Within two years, Bavasi was made general manager of the Dodgers’ Class-D farm team in Americus, Ga. By 1943, Bavasi had worked his way up to the front office of the Dodgers’ Class B team in Durham, N.C., when he was drafted by the Army and sent to Italy.
He served 18 months in World War II combat as a staff sergeant in a machine gun unit and was awarded a Bronze Star.
Discharged in 1946, he became general manager of the Class B team in Nashua, N.H. Walter Alston, the future Dodgers skipper, was the manager of the team and — in the season before infielder Jackie Robinson broke baseball’s color barrier — two of the players were African American, catcher Roy Campanella and pitcher Don Newcombe.
“I’ll never forget one night in Lynn, Mass.,” Campanella said in 1983. “Newcombe had pitched and I hit a home run and we won the game. We were all dressed and sitting in the bus. Buzzie said he was going inside to pick up the check. All of a sudden, we heard Buzzie and their manager fighting. We went in and broke it up. We found out later that their manager” had used a racial slur when he told Bavasi, ‘Without those two (black players), you wouldn’t have won.’ Buzzie went after him.”

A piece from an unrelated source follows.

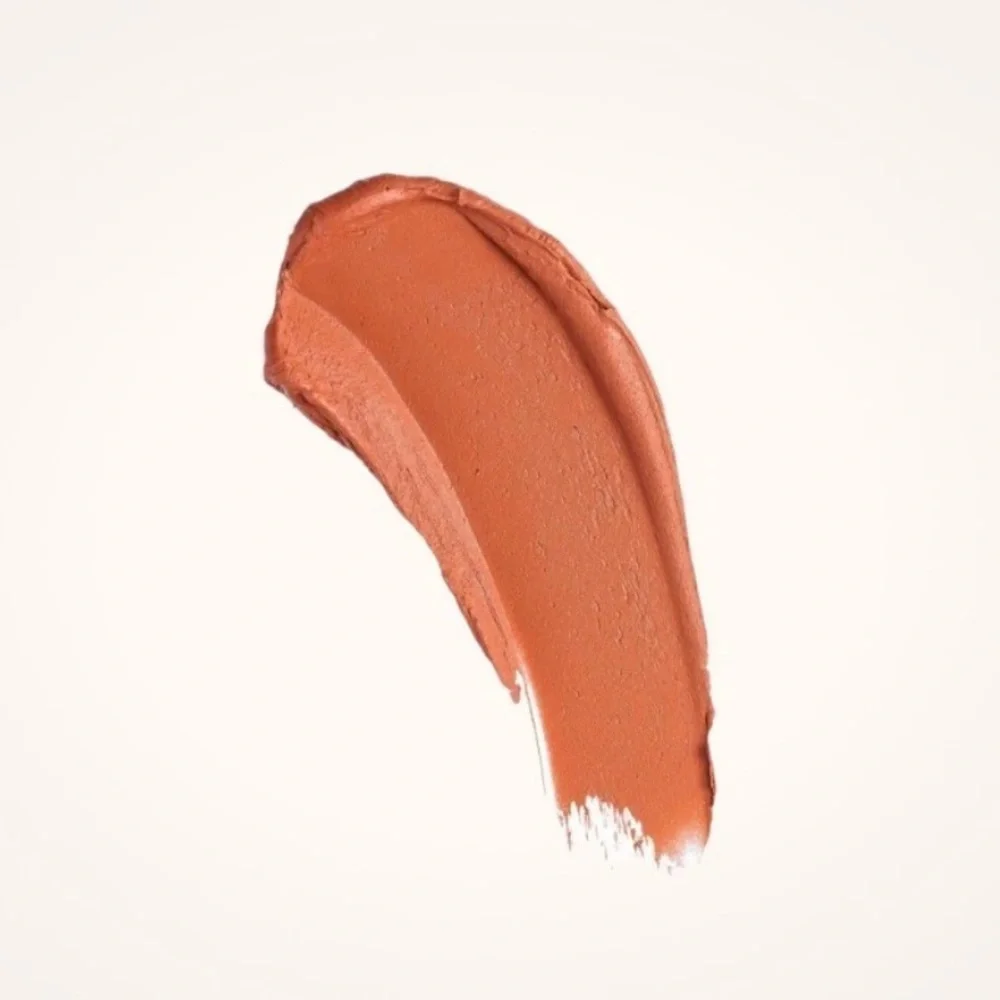 NEW Makeup‎ Revolution Matte Nude Lipstick – Spice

Bavasi spent 1947 as an assistant in the Dodgers front office and the next three years as general manager of the Class AAA team in Montreal. His big break came in 1951 when O’Malley took the reins of the Dodgers from Branch Rickey and made Bavasi vice president and general manager.
It took Koufax and Drysdale, then the best pitching tandem in baseball, to join forces to coax significant raises out of Bavasi before the 1966 season. The players realized during a dinner together that Bavasi and O’Malley had lied to them for years, telling one that the other was asking for less money than he really had been.
They each demanded a three-year, $500,000 deal, and did not report to spring training after the Dodgers denied their requests. The holdout dragged on for more than a month before they signed, and although Koufax and Drysdale became the first players to break the $100,000 barrier, they didn’t get multiyear contracts.
After eighth-place finishes in 1967 and 1968, Bavasi left the Dodgers to become president of the expansion San Diego Padres, a tenure that lasted until 1977, then going to the Angels.
As salaries escalated and agents began representing players, Bavasi struggled to adjust. The glow of the Angels’ first division championship in 1979 dimmed quickly when pitching mainstay Ryan signed with the Astros and had harsh words for Bavasi on the way out.
For his part, Bavasi retorted that Ryan could be replaced by “two 8-7 pitchers,” a reference to the right-hander’s 16-14 record in 1979. Later, though, Bavasi admitted that failing to re-sign Ryan was a mistake.
Changes in baseball’s economic structure seemed to perplex Bavasi, and he often became nostalgic.
“Paternalism has gone out of the game,” he said in the 1980s. “You can’t help players anymore. They help you. When I left San Diego, one of my players, George Hendrick, called me and wanted to know if I needed any money. Geez, I used to lend them money.”
Bavasi enjoyed retirement, rarely leaving the comfortable hilltop home in La Jolla, Calif., he shared with his wife, Evit, whom he married in 1941. He is survived by his wife, sons Peter, a former GM for the Padres and Toronto Blue Jays; Chris, Bob and Bill; nine grandchildren and five great-grandchildren.
He had plenty of time to reflect on his accomplishments and eventful life in baseball.
“Who else played golf with Babe Ruth, had dinner with Sandy Koufax and Don Drysdale, and worked for people of the stature of Larry MacPhail, Walter O’Malley, Gene Autry and Ray Kroc?” he said. “There are 20 guys on every team now who make more in a year than I did in 30 or 40, but no one had more fun.”
Funeral arrangements will be private. The family asked that, in lieu of flowers, donations be made to the Baseball Assistance Team or Professional Baseball Scouts Foundation.